Tag: light

Winter Solstice 2013

For those of us in the Northern Hemisphere, at least.

Without the dark, the light would be meaningless. Without the light, the dark would be endless. There is no better teacher of this lesson than our lovely, ancient, wounded planet, who spins her way along her path, her lifetime so much more than ours.

Today it is predicted to be fifty degrees here. Today it is hard not to feel grief for what we have done to our home, along with gratitude for her greatness.

Tonight we will light our candles and be thankful for the deer who bed down in our woods and the coyotes who share our paths, for the chickadees who stay with us through the winter and the owls who call through the night, for those who sit at our table with us and for the light and the dark that shape our lives.

Blessings to you all!

Summer

There is a place I know, a hilltop kept in great open fields, that feels like the top of the world. Not in terms of height, for it’s not much in elevation, but in the openness of the land, the completeness of the sky above. In Massachusetts, everything is bordered, by trees, mostly, by roads, and houses, and ocean.
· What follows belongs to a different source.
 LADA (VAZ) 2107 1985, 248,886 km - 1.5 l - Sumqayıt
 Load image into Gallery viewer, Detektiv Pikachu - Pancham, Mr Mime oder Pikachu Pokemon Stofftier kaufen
This place, even with the boundaries of trees in the distance, feels boundless. You could lie in the grass for an entire day and watch the dragonflies and the swallows; you could stay through the night and watch the stars rise and fade. You would feel not the passage of time, but the great lazy loops of it, round and round.

This time of year, summer, is like that. There’s the sense that time moves not relentlessly forward, but in a circle of day and night. The only thing to tell you otherwise is the way, even now, that the light changes, the sun not making it over the pines in quite the same way. It is, I think, something only adults look for, and only because we are not wise enough to stay in the moment, instead always looking ahead to winter.